Dr Judy Lowthian is the Principal Research Fellow at the Bolton Clarke Research Institute, formerly known as RSL Care + Royal District Nursing Service Research Institute. She also holds an appointment at the School of Public Health and Preventive Medicine at Monash University and an honorary appointment with Alfred Health.
Her research is underpinned by an allied health background and her specific interest is health services research designed to improve the quality and safety of care for older people. In the past five years, Judy has been the recipient of $2.6M in competitive grants and prizes/awards. She serves on national and international committees that focus on improving geriatric emergency care.
Moving towards integrated emergency care for older people: Consensus Statement
Management of older patients at times of acute illness or injury does not occur in isolation in emergency departments, rather requires a systems approach, including: primary, pre-hospital, community, allied health, aged care and rehabilitation providers, emergency and hospital clinicians, family and other informal caregivers. Quality is often compromised by fragmented care and poor communication between providers, resulting in healthcare delivery that is ineffective, inefficient or inconsistent with patient preferences/goals. We aimed to develop a collaborative Consensus Statement that would enunciate the principles of integrated emergency care for older persons.
An evidence summary was developed and a Consensus Working Party convened with cross-specialty representation from multiple medical and allied health fields, including Professional Colleges, providers and administrators across the care continuum, government representatives, advocacy groups and consumers, to develop the content of the statement. A sub-committee produced a draft which was edited by the full working party.
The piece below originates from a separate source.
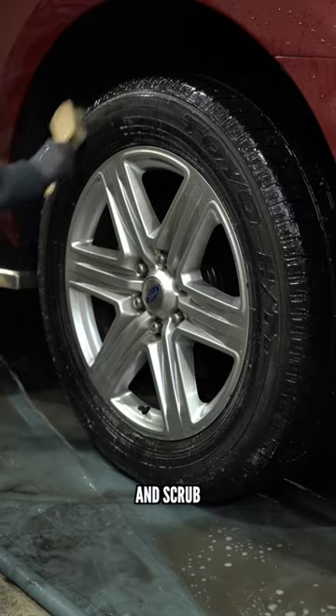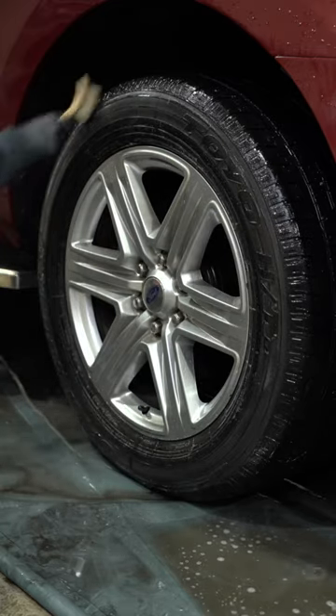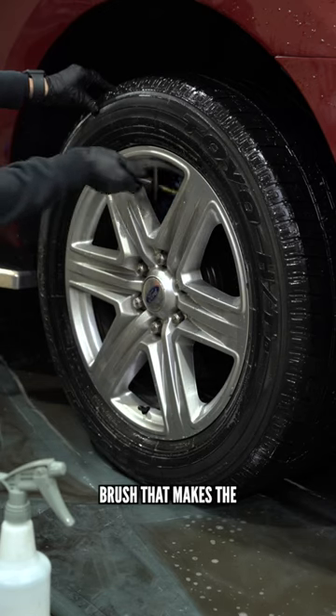Next, we spray the tire and scrub. Then we move on to the wheel, starting with the inner barrels. We're using a brush that makes the cleaning really easy.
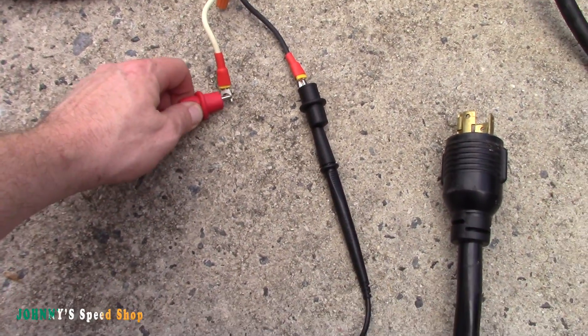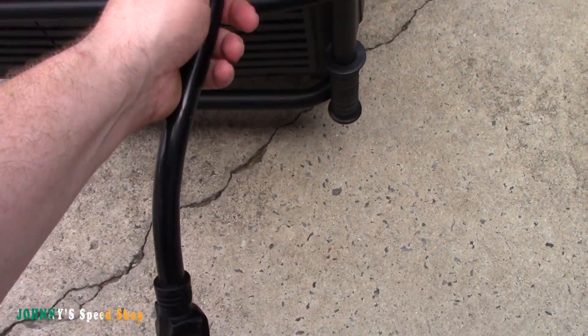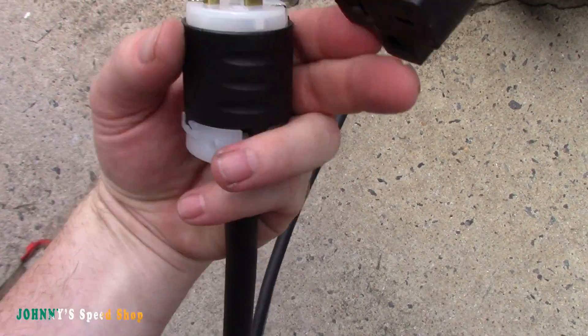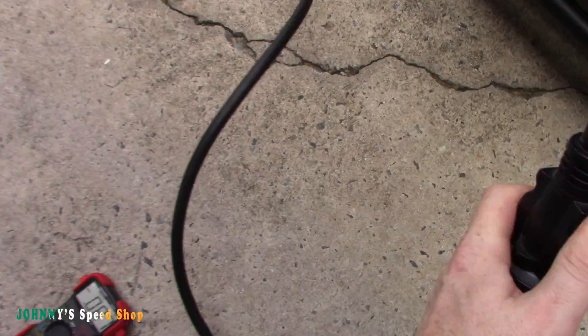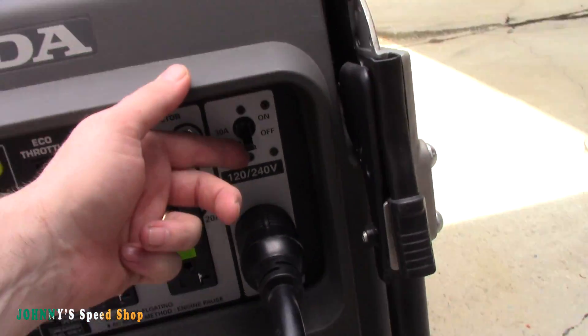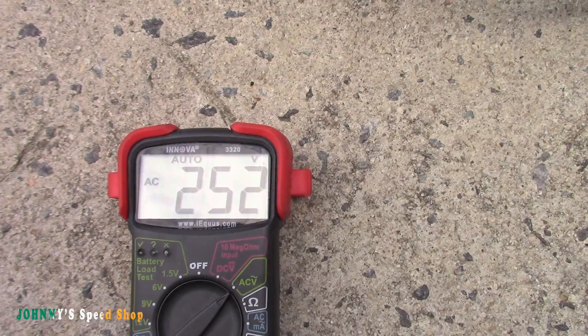So we're going to put our meter on here. Both of these are live — 120, 120. We're going to plug in our 240 volt circuit, plug this guy in. There we go. You can see we're connected here — we're into our circuit. Zero volts right now. Let me flip the breaker. This would be my setup, only it'd be going into my well pump. I'm going to flip our breaker. We now have 252 volts.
Consensus was reached on content and ethos of the statement containing 12 principles and 6 recommendations for how to follow these principles, including an integrated care framework for action and what is needed to enact this
Priorities for action include working with older people, their carers, health and social care providers and managers to:
- Co-design care transitions and information transfer across the continuum
- Identify barriers and enablers to electronic health records, and develop strategies to increase uptake to ensure information sharing of information
- Promote active engagement in healthcare, then co-design strategies to support them to do this
- Improve community awareness of important issues in the care of older people, such as injury and falls/fracture prevention, availability of reablement services, after-hours health service access, respite care availability, advance care planning, end-of-life conversations and care
- Develop guidelines for healthcare environmental design that prevents deterioration in health and well-being and supports independence and specific care needs and the role of informal carers
- Develop core competencies, training/education for care providers; and develop strategies for implementation and evaluation of these principles of integrated emergency care.
The Consensus Statement was subsequently endorsed by 16 Professional Colleges, service providers and peak bodies.
Dissemination of the statement will encourage all stakeholders and associated policy bodies to review and embrace the principles and priorities for action, leading to establishment of collaborative work practices and improvement of care during and after acute illness or injury.